▶ _Given material_:
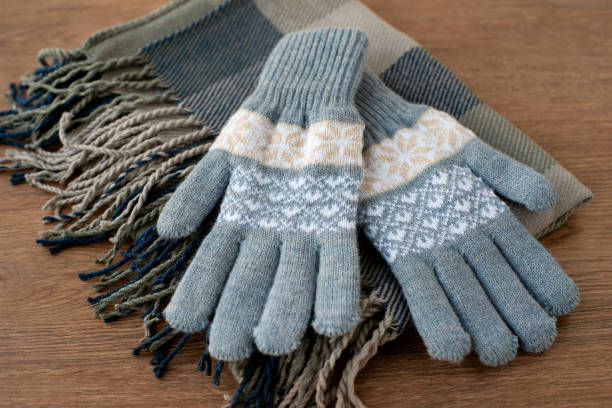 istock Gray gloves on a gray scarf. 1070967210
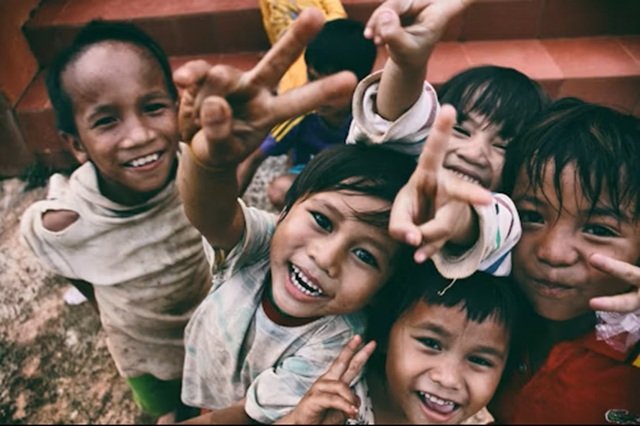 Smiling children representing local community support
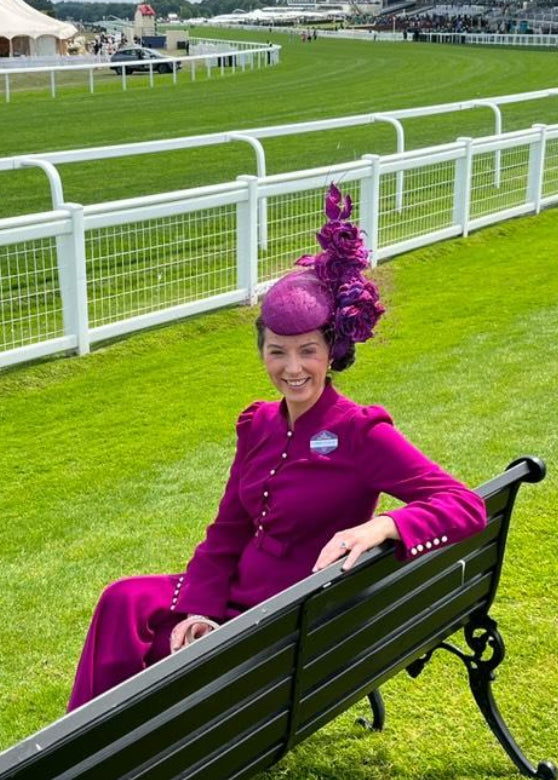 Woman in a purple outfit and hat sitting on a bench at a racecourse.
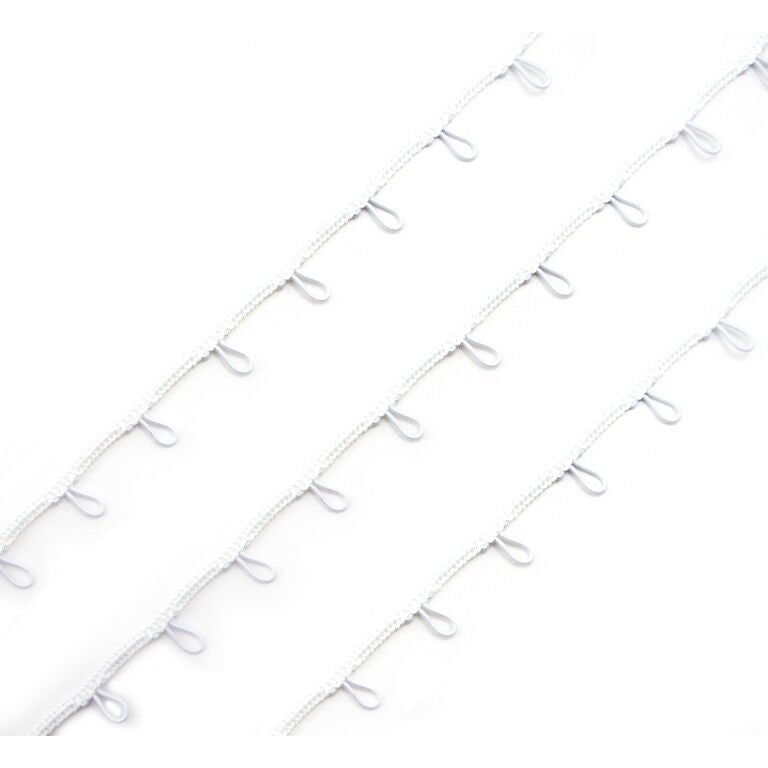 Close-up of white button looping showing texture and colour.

▶ _What you are asked to do_:
The response consists of the data above printed line for line, with no pictures.

▶ _Output of the task_:
 istock Gray gloves on a gray scarf. 1070967210
 Smiling children representing local community support
 Woman in a purple outfit and hat sitting on a bench at a racecourse.
 Close-up of white button looping showing texture and colour.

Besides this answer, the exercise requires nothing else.